We ask doctors to assess prognosis and mental capacity throughout their careers. Prognoses are not easy and can be inaccurate, but studies have shown again and again that it is over, not under, estimates of life expectancy that most frequently occur. This is, however, not the point. A six month or less prognosis establishes a stable framework to determine terminality; it is not there to create an arbitrary line in the sand. Such patients, would, by definition be on their deathbed, and to die how they want and with minimised suffering is a basic level of compassion and humanity to which we should all have access.

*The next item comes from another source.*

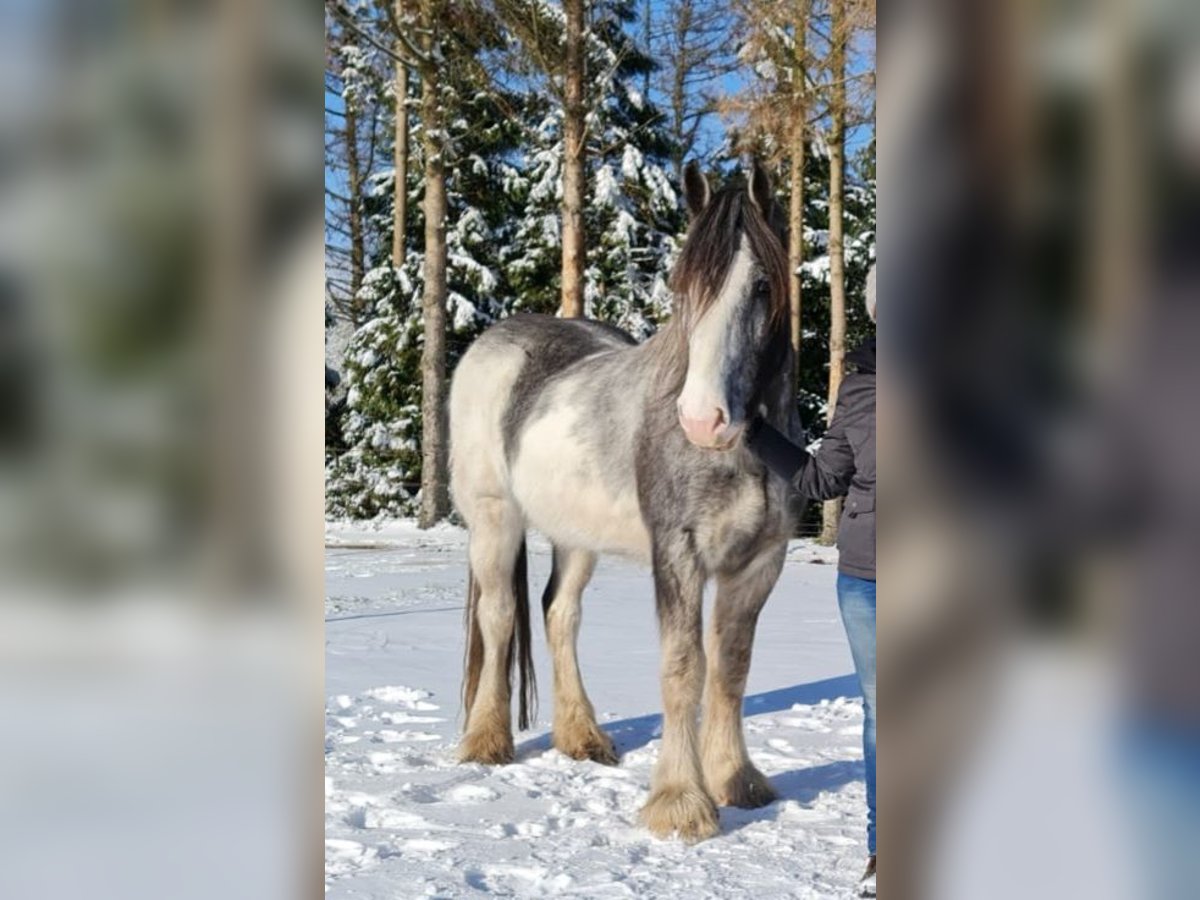 Shire / Shire Horse Castrone 9 Anni 189 cm Sabino in Wernhout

We must and ought to have a right to choose; despite appreciable concerns about what a valid choice looks like, the Bill before us reflects the complexities and realities behind the choice to end one’s life. The patient’s mental capacity cannot be in doubt, if necessary to be determined by a specialist in addition to the original 2 doctors, information about palliative, hospice and other end-of-life options is mandatory, the patient is entitled to revoke their choice at any stage and a mandatory 14 day cooling off period is included.
This is an issue of freedom of choice. The logo of my party was for a long time the torch of freedom. That is why I am surprised, even astonished, and certainly aggrieved that much opposition to this measure comes from the benches around me. I understand the Catholic and faith lobby, whilst being appalled that they should seek to legislate my personal autonomy for reasons of their faith. In the 21st century, mutual tolerance should have taken us beyond that.
It is the majority of the rest of my colleagues who have surprised me in my 18 years in the House. We are the party of freedom and choice. Surely there could be no greater demonstration of our commitment to these principles than the principle of this Bill. Hiding behind the “slippery slope” argument won’t do. If two doctors and a High Court judge isn’t enough, what is? Seek to insert in the Committee stage of the bill those safeguards that you feel are required. But don’t abandon the guiding principle of our party and oppose the freedom this Bill enshrines at second reading.
I am proud to stand with colleagues from both sides of the aisle and support this bill. Death is life’s only certainty: it gets no less certain if we close our eyes and just hope for the best. When my time comes, I hope the Parliament I will have been immensely proud to be a member of has finally faced up to its responsibility to legislate on this, and will have given me and all our citizens the potential to exercise our liberty and freedom over the manner of our death.